• Aim of the exercise: Once the pictures are removed, restate the data below word for word.

• Given data:
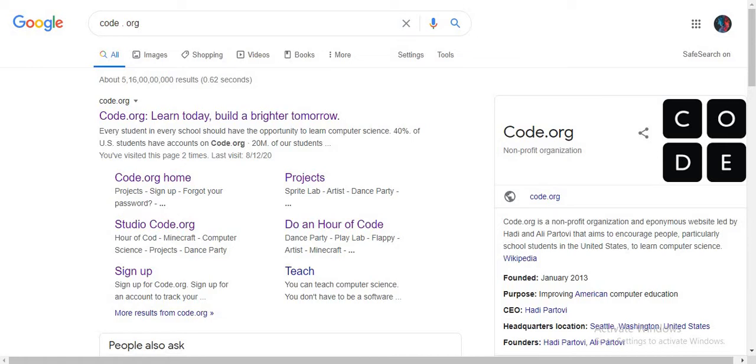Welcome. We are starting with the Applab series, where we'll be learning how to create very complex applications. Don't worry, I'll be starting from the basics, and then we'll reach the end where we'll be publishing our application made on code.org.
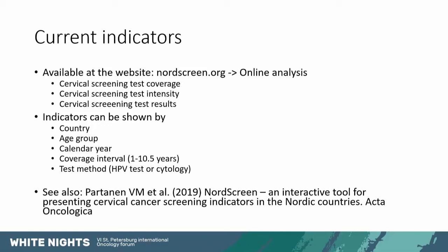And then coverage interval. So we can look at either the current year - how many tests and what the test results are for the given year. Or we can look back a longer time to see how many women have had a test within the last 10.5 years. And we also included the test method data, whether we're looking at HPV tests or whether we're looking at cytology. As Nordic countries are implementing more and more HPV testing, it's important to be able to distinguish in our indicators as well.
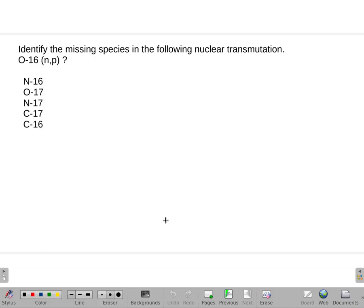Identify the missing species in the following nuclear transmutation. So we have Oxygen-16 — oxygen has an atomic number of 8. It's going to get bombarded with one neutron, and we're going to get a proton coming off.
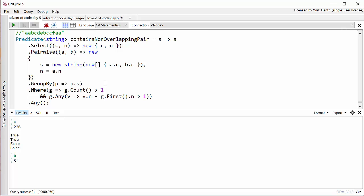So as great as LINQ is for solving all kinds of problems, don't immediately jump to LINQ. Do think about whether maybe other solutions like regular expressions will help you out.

• Exercise result:
Welcome. We are starting with the Applab series, where we'll be learning how to create very complex applications. Don't worry, I'll be starting from the basics, and then we'll reach the end where we'll be publishing our application made on code.org.
And then coverage interval. So we can look at either the current year - how many tests and what the test results are for the given year. Or we can look back a longer time to see how many women have had a test within the last 10.5 years. And we also included the test method data, whether we're looking at HPV tests or whether we're looking at cytology. As Nordic countries are implementing more and more HPV testing, it's important to be able to distinguish in our indicators as well.
Identify the missing species in the following nuclear transmutation. So we have Oxygen-16 — oxygen has an atomic number of 8. It's going to get bombarded with one neutron, and we're going to get a proton coming off.
So as great as LINQ is for solving all kinds of problems, don't immediately jump to LINQ. Do think about whether maybe other solutions like regular expressions will help you out.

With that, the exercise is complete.